▸ **Data items**:
___
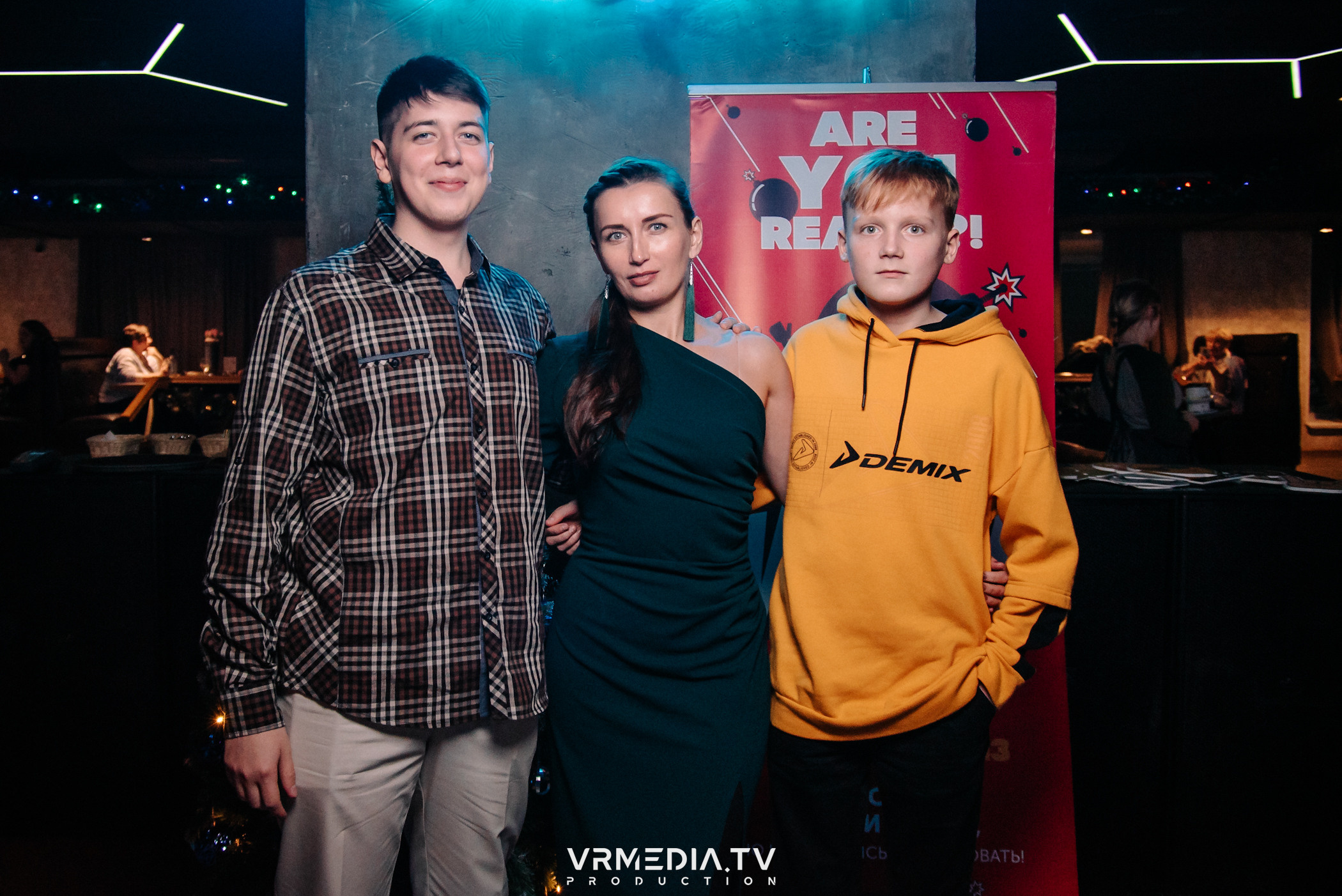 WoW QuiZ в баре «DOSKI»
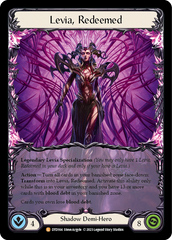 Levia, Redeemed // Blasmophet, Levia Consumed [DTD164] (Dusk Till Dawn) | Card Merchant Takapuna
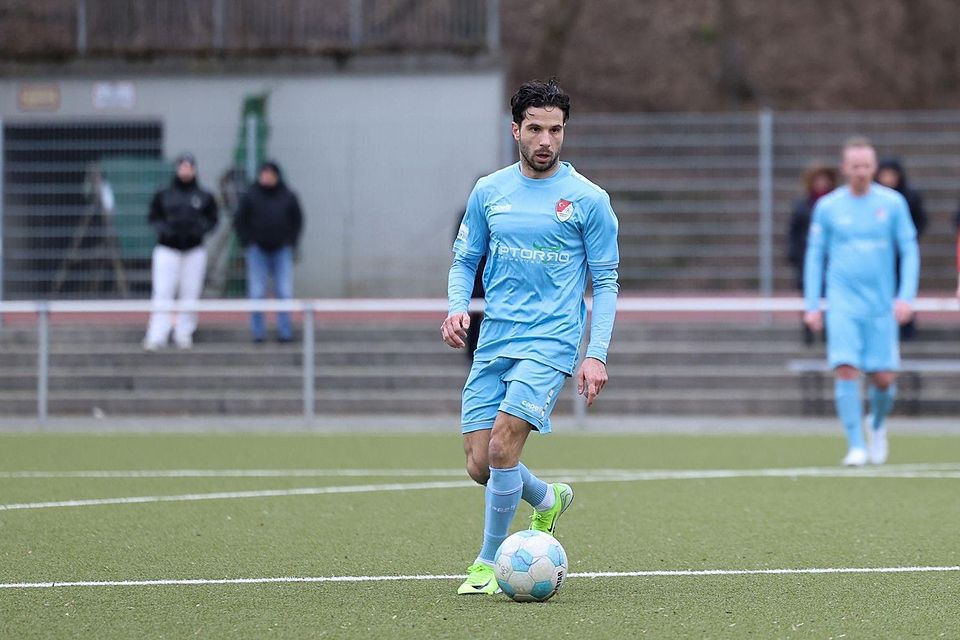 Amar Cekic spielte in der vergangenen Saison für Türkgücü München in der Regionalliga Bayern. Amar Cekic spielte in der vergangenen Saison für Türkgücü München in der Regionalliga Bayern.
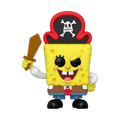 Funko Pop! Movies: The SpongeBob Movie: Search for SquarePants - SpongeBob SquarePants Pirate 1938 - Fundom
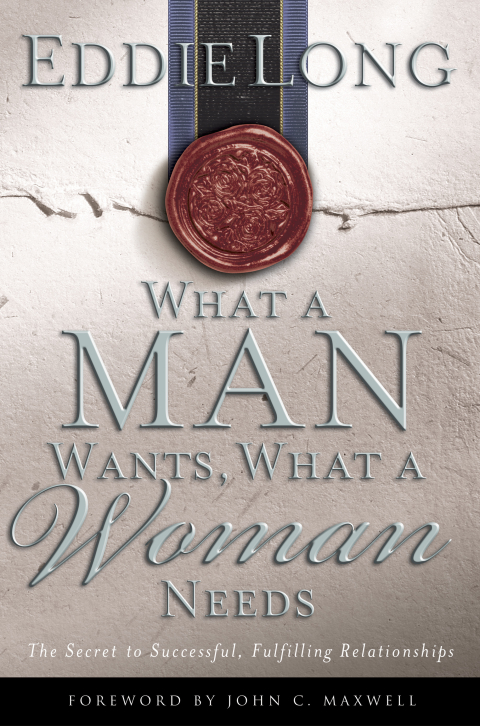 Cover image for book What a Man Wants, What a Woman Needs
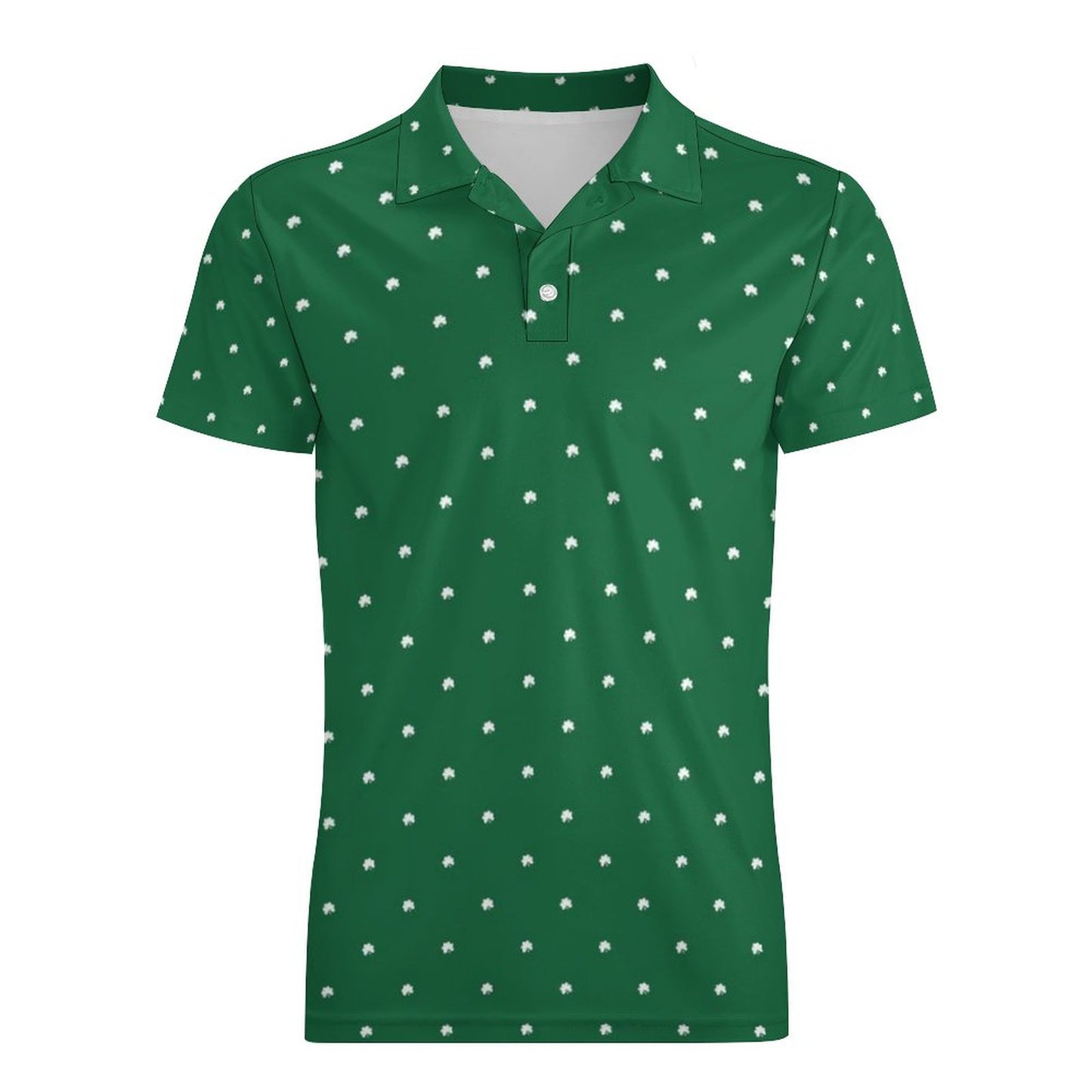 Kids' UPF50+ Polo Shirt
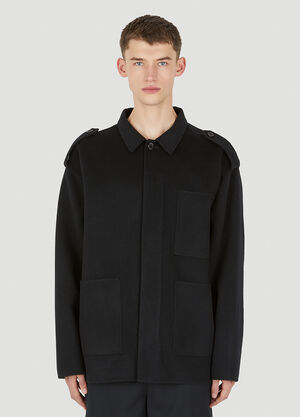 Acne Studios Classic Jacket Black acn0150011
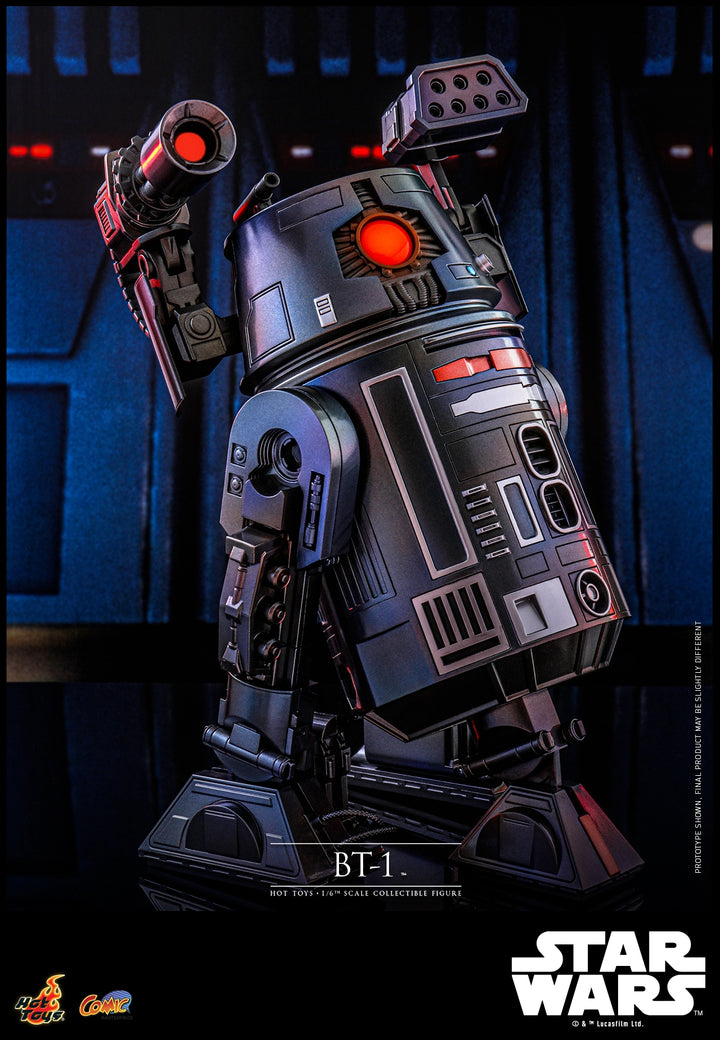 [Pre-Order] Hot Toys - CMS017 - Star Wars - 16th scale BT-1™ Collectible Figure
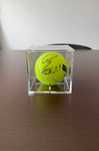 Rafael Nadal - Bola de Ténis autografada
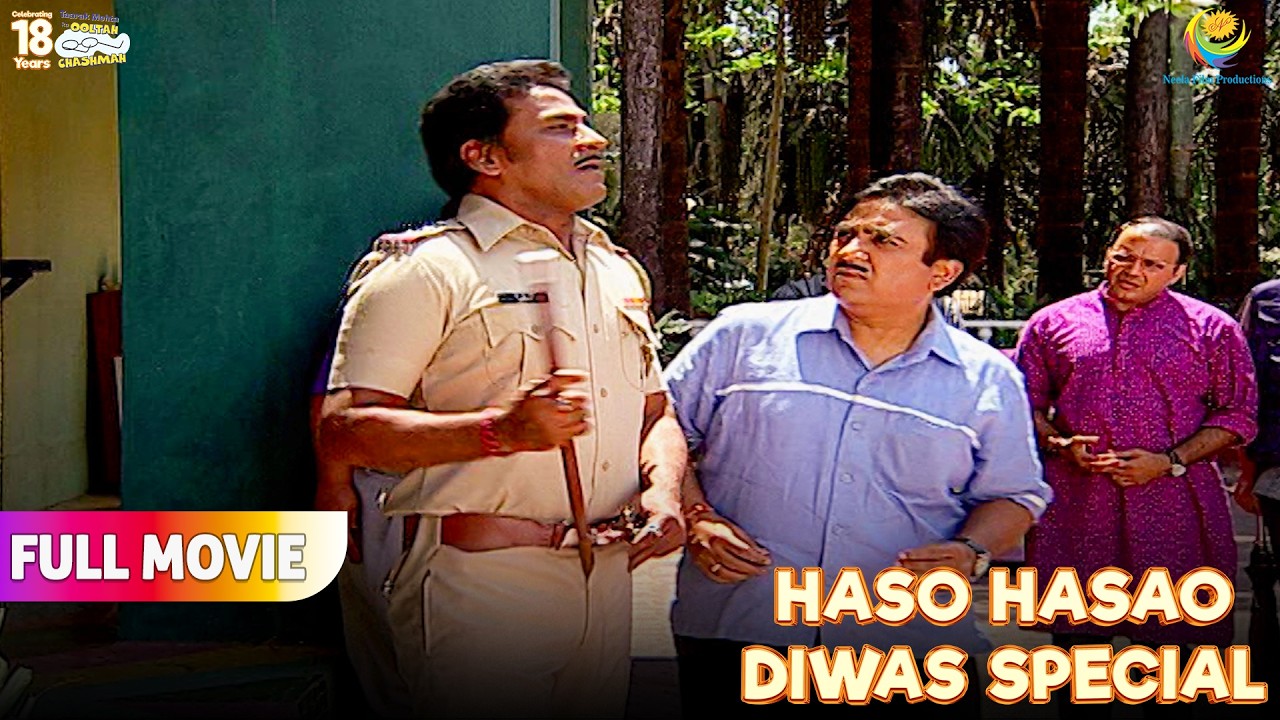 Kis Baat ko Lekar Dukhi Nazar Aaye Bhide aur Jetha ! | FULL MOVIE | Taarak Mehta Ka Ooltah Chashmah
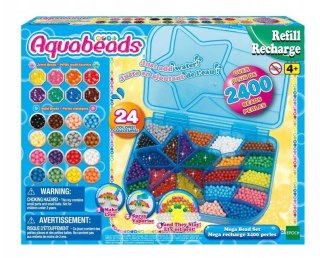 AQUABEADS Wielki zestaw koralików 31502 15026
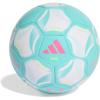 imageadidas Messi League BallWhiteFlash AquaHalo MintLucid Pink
___
▸ **Task requirements**:
Restate word for word the lines from the line with "Acne Studios Classic Jacket Black acn0150011" to the last line of the records above, inclusive, and omit every picture.

▸ **Solution for this task**:
 Acne Studios Classic Jacket Black acn0150011
 [Pre-Order] Hot Toys - CMS017 - Star Wars - 16th scale BT-1™ Collectible Figure
 Rafael Nadal - Bola de Ténis autografada
 Kis Baat ko Lekar Dukhi Nazar Aaye Bhide aur Jetha ! | FULL MOVIE | Taarak Mehta Ka Ooltah Chashmah
 AQUABEADS Wielki zestaw koralików 31502 15026
 imageadidas Messi League BallWhiteFlash AquaHalo MintLucid Pink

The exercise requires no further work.